#### Description of the task
Up to and including the line with "Zodiac Shiloh Chelsea Boot", output the records exactly as they appear.

#### Excerpted records
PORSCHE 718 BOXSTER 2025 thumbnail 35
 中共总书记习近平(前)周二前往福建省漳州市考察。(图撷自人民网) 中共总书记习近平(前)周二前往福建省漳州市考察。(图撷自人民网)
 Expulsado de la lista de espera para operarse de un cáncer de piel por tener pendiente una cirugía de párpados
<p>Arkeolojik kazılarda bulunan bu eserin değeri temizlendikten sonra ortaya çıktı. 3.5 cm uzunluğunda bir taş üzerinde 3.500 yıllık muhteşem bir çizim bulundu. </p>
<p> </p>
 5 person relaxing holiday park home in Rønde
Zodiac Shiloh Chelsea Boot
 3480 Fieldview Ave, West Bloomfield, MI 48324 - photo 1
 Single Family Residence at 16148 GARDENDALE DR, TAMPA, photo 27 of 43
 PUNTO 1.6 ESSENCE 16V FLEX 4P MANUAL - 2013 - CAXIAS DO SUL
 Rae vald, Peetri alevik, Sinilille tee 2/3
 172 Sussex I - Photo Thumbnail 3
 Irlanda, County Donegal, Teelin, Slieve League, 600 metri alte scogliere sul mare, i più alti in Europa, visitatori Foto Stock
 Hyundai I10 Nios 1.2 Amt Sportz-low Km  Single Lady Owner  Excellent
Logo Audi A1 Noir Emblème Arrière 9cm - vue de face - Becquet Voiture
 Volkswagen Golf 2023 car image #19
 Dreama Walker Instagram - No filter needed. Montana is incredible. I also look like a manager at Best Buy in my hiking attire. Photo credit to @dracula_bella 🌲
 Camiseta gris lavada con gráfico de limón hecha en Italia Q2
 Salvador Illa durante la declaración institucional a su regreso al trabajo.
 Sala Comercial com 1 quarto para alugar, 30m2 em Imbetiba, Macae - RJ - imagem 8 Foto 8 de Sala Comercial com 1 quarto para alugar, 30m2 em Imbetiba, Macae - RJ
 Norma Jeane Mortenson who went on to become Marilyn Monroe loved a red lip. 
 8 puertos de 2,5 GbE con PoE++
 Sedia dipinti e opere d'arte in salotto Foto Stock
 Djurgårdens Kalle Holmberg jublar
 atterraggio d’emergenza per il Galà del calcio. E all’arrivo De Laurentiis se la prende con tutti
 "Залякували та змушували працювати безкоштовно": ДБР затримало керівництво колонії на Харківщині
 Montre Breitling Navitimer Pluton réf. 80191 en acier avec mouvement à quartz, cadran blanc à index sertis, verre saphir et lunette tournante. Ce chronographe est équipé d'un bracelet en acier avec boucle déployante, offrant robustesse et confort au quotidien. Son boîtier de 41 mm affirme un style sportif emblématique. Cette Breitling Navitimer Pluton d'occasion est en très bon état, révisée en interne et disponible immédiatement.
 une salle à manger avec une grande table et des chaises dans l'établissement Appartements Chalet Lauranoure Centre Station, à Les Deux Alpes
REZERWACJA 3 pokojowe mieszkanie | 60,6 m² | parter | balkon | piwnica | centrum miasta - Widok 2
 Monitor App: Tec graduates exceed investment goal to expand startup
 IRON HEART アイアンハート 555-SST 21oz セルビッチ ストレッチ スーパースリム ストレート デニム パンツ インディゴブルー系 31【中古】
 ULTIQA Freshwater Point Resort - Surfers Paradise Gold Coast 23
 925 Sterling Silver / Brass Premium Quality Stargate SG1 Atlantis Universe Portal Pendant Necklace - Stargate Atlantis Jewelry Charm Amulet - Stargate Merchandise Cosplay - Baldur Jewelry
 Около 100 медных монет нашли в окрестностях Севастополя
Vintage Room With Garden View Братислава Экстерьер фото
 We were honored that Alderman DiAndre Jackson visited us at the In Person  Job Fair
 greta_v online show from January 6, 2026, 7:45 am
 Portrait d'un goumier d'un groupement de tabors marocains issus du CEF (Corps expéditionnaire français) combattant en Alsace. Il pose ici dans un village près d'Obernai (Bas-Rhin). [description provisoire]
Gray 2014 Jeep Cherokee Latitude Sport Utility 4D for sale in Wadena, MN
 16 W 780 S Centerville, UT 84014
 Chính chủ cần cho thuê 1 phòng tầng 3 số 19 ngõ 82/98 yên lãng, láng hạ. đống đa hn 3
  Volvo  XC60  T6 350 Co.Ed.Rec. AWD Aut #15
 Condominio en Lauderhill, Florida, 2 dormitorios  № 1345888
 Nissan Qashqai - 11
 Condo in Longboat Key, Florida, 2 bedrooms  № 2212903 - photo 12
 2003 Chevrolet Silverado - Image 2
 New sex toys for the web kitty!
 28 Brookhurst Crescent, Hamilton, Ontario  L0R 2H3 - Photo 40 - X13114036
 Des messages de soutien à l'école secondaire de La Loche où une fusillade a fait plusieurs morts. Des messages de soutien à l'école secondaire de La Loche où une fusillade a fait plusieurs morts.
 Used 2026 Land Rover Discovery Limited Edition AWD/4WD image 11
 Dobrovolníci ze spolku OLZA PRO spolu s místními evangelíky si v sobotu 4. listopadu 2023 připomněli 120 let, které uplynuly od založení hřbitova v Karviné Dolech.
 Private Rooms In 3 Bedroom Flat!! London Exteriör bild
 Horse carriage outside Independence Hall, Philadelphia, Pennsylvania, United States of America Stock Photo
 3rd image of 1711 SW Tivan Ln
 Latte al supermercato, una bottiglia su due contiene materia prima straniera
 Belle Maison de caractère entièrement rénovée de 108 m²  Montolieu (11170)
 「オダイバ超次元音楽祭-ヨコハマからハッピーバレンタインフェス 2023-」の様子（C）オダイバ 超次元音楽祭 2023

#### Result
PORSCHE 718 BOXSTER 2025 thumbnail 35
 中共总书记习近平(前)周二前往福建省漳州市考察。(图撷自人民网) 中共总书记习近平(前)周二前往福建省漳州市考察。(图撷自人民网)
 Expulsado de la lista de espera para operarse de un cáncer de piel por tener pendiente una cirugía de párpados
<p>Arkeolojik kazılarda bulunan bu eserin değeri temizlendikten sonra ortaya çıktı. 3.5 cm uzunluğunda bir taş üzerinde 3.500 yıllık muhteşem bir çizim bulundu. </p>
<p> </p>
 5 person relaxing holiday park home in Rønde
Zodiac Shiloh Chelsea Boot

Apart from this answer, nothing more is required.